Os beligerantes conservadores e Hollywood estão no primeiro grupo – quanto maiores forem as bombas, melhor. Estes apoiariam o pedido do presidente Franklin D. Roosevelt por uma rendição incondicional durante a Segunda Guerra Mundial.
No segundo grupo estão os que se opõem a qualquer ação militar (os pacifistas) e os que acham que nenhum americano deveria morrer ajudando algum país estrangeiro (os isolacionistas). Os dois não acham que o governo faça um bom uso da força.
O comentário é de Thomas Reese, jornalista e padre jesuíta, em artigo publicado por National Catholic Reporter, 22-08-2014. A tradução é de Isaque Gomes Correa.
O uso limitado da força é evitado por ambos os lados. Os realistas da política externa, por outro lado, consideram a força militar como simplesmente uma entre muitas ferramentas de se fazer política.
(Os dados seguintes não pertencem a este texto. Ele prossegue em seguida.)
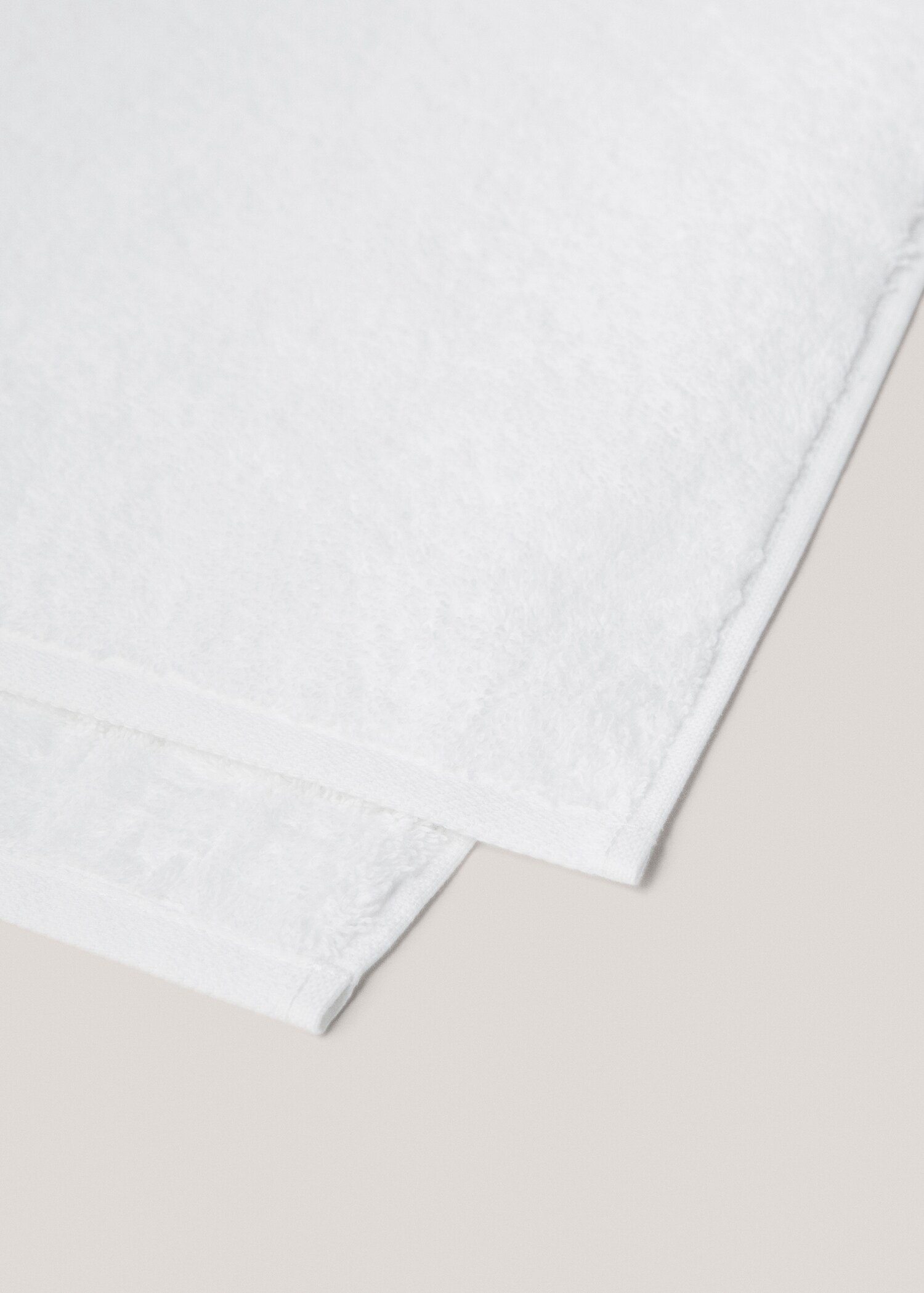 Ručnik od pamuka 500 gr/m2  50 x 90 cm - Detalji artikla 2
Portanto, o presidente John F. Kennedy poderia ameaçar os russos durante a crise dos mísseis cubana a partir da Turquia em troca da retirada dos mísseis russos do país caribenho.
Os beligerantes criticaram o presidente George H.W. Bush, outro realista, por não permitir que nossas tropas tomassem Bagdá. Queriam a vitória total, enquanto que os pacifistas se oponham a toda violência. Bush, por outro lado, tinha objetivos limitados: desfazer as intenções do Iraque quanto ao Kuwait.
O uso limitado da força é uma venda forçada dentro da democracia. As pessoas não querem que seus filhos morram por objetivos limitados de política externa. Estas mortes só têm significado se as pessoas estiverem defendendo o nosso país ou morrendo por princípios nobres (liberdade, etc.).
Os franceses resolveram este problema ao ter a Legião Estrangeira Francesa, um exército composto de estrangeiros dispensáveis. Os EUA tentaram uma solução para este problema enchendo o exército com pobres e minorias com baixa escolaridade.
É este contexto o que torna tão difícil para os americanos compreenderem a posição do Vaticano sobre o uso da força militar, que se baseia na teoria da guerra justa.
O Vaticano parte de uma pressuposição a respeito da guerra: a guerra só pode ser o último recurso, depois que todas as outras possibilidades se esgotaram. Primeiro deve-se tentar a diplomacia e reconciliação. Mas o “último recurso” não significa “nunca”.
Fazer guerra exige uma causa justa, tal como defender-se ou defender alguém de uma agressão injusta. Mas nem toda a causa justa é desculpa para o uso do poder militar. Além de uma causa justa, a intervenção militar deve causar menos danos do que uma não intervenção. Não devemos destruir uma aldeia para salvá-la. O uso da força militar deve ser proporcional, e todo o possível deve ser feito para evitar casualidades civis.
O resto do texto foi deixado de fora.